There is, however, a difference between whether employers can include such clauses and whether all employers should include them. Some of the assumed benefits of arbitration are that it is less formal, less expensive, and leads to faster resolutions that are much more likely to be final relative to litigation.
These assumptions may not apply to every situation. Arbitrators, unlike judges, must be compensated for their services directly by the parties, usually at an hourly rate that is comparable to or greater than an attorney’s hourly billing rate. In employment cases, for example, the employee often may only be responsible for paying an initiation or filing fee, while the employer picks up the remainder of the tab. In situations after the Epic decision where an employee-side attorney files several individual arbitrations in lieu of class arbitration, it is not difficult to see how these fees could easily exceed the typical cost of litigation.
To fend off these situations, employers may wish to consider including jury-trial waivers instead of class-action arbitration waivers in their employment contracts. As background, there is a general constitutional right under the Seventh Amendment to a jury trial in federal civil cases, with many states having their own analogues. (In Maryland, for example, Article 23 of the Maryland Declaration of Rights permits jury trials by right in all state court cases where more than $15,000 is in dispute.) That said, courts will generally enforce contract clauses waiving this right if the employer can establish that the waiver was knowingly and intelligently given.
What are the pros and cons of including jury-trial waivers? It is often advantageous to have employment disputes resolved by a judge, particularly in cases that hinge on issues of law and often technical interpretations of labor and employment statutes. Trial judges have often seen many more employment disputes before relative to juries and can draw helpfully on this experience. To be sure, bench trials are more susceptible to appeals than either jury trials or arbitration. That can, however, be a benefit in those instances when the trial judge makes a legally unsupportable decision.

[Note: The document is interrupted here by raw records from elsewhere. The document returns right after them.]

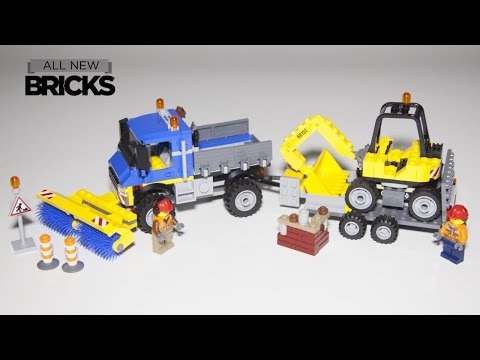Vidéo LEGO City 60152 : Le déblayage du chantier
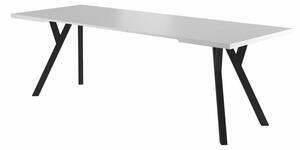 Rozkládací jídelní stůl 90-240 cm Marion (bílá + černá) (pro 8 a více osob). 1050483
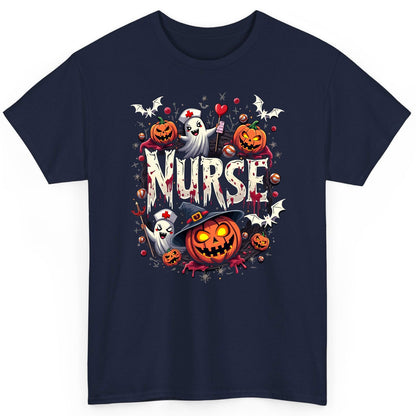 Nurse Halloween nurse T-Shirt Navy product mockup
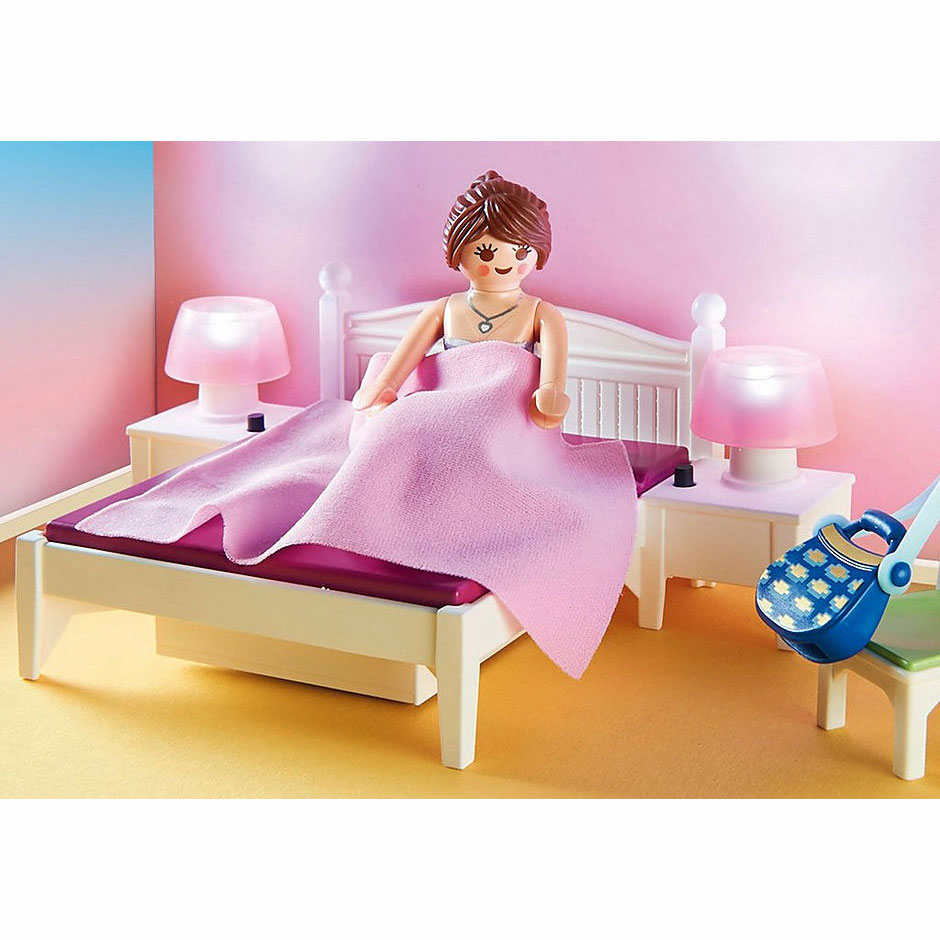 Playmobil Dollhouse Υπνοδωμάτιο με Ατελιέ ραπτικής κουκλόσπιτου 70208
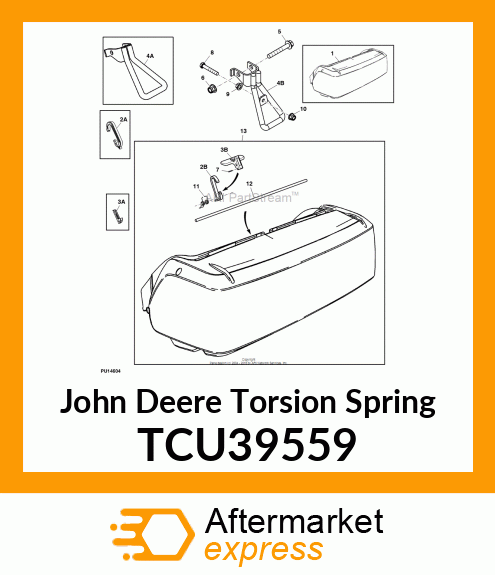 TORSION SPRING (LATCH) TCU39559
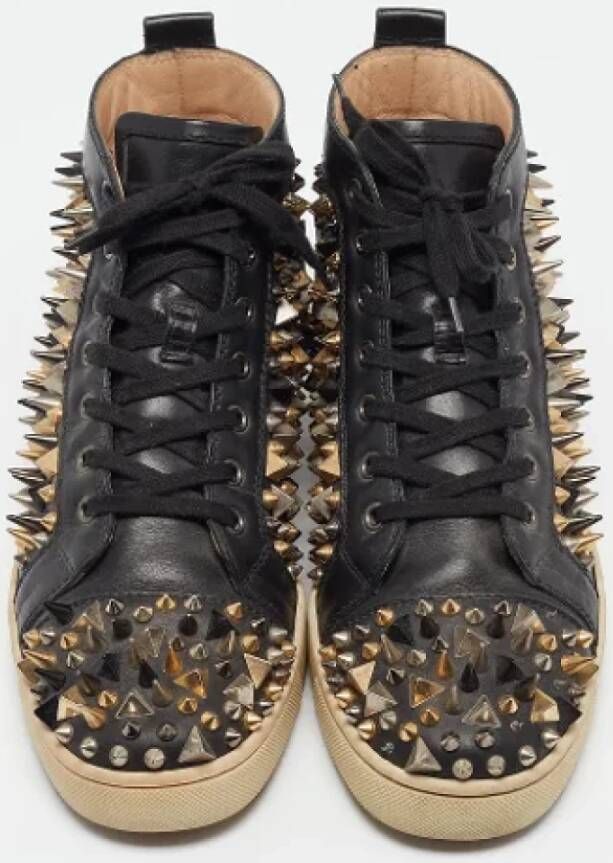 Christian Louboutin Pre-owned Leather sneakers Black Dames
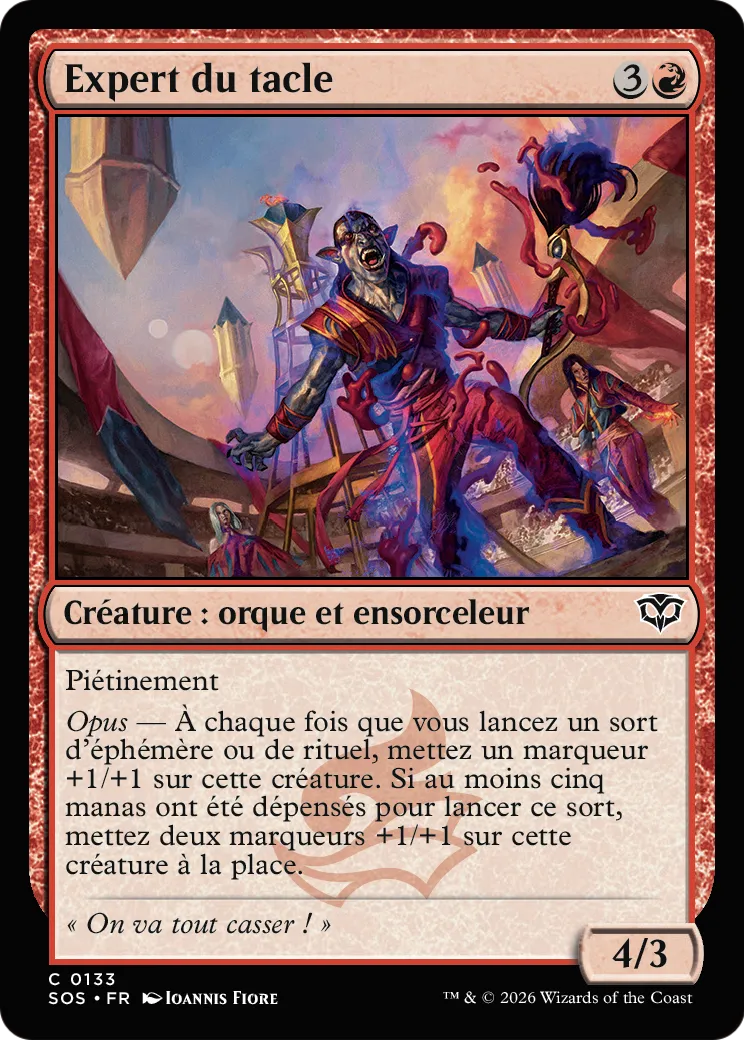 Expert du tacle — Secrets of Strixhaven — Magic: The Gathering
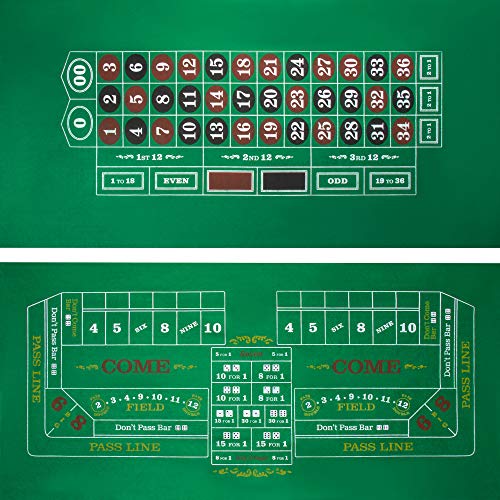 Algopix Similar Product 5 - Craps and Roulette Table Felt  Double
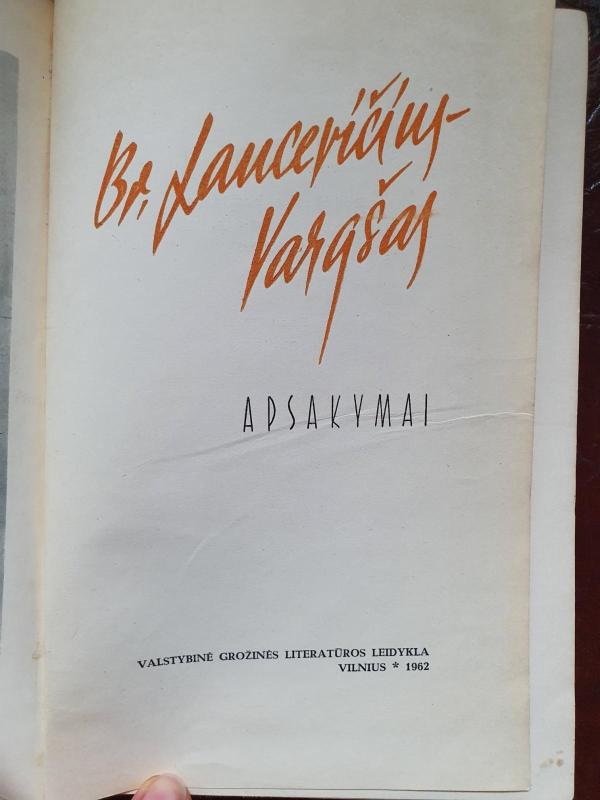Apsakymai - Bronius Laucevičius-Vargšas, knyga 2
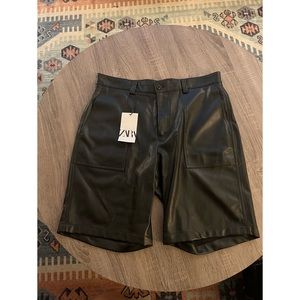 Zara leather shorts (mens)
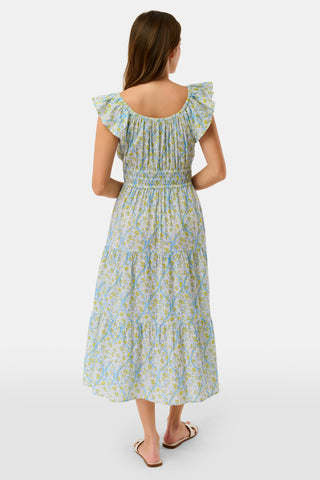 Roller Rabbit Blue Suzie Floral Ribbon Agnes Dress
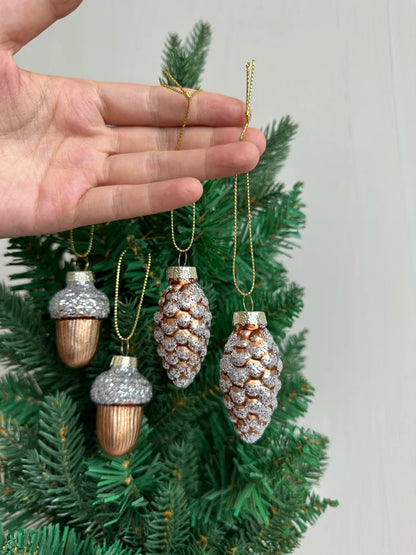 PINE CONES ORNAMENT SET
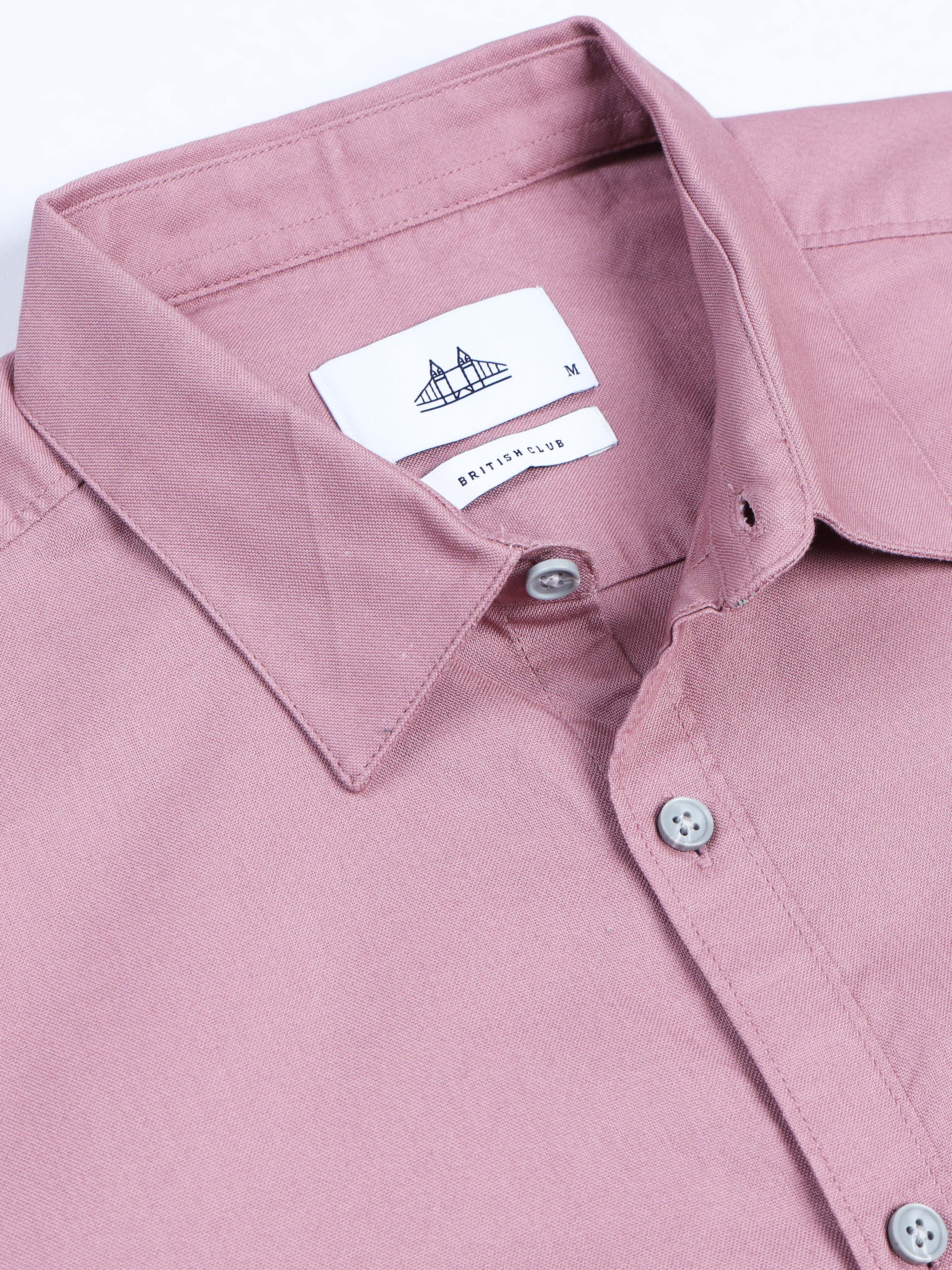 Men Premium Mauve Oxford Solid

Moreover, even in cases where liability is established, judges tend to be moderating influences on damage awards. By contrast, juries may be more prone to awarding plaintiffs bigger damages awards based on personal sympathies. (As one recent highly-publicized example, a Georgia jury awarded a plaintiff $1 billion in damages – and left the jury box without the judge’s permission to hug her individually – against the security company who employed the man who victimized her.)
Bottom line: Each employer should embrace the freedom that exists to include class-waiver arbitration clauses. That freedom includes the ability of employers to choose not to include such waivers, as well as to choose alternatives such as jury-trial waiver clauses.
[UPDATED 5-29-18] In response to a reader question, Maryland’s recently passed Disclosing Sexual Harassment in the Workplace Act of 2018 — which is set to take effect on October 1, 2018 — would invalidate employment agreement provisions that waive “any substantive or procedural right or remedy” in future sexual harassment claims, “[e]xcept as prohibited by federal law.” Employers who attempt to enforce such provisions may be found liable for attorney’s fees and costs.
Employers who choose to include jury trial waiver clauses in their agreements, therefore, may well wish to provide language that the waiver is effective “except as prohibited by law.” Employers may also wish to include severability clauses stating that the remainder of an agreement should remain in effect even if one or more clauses is found unenforceable.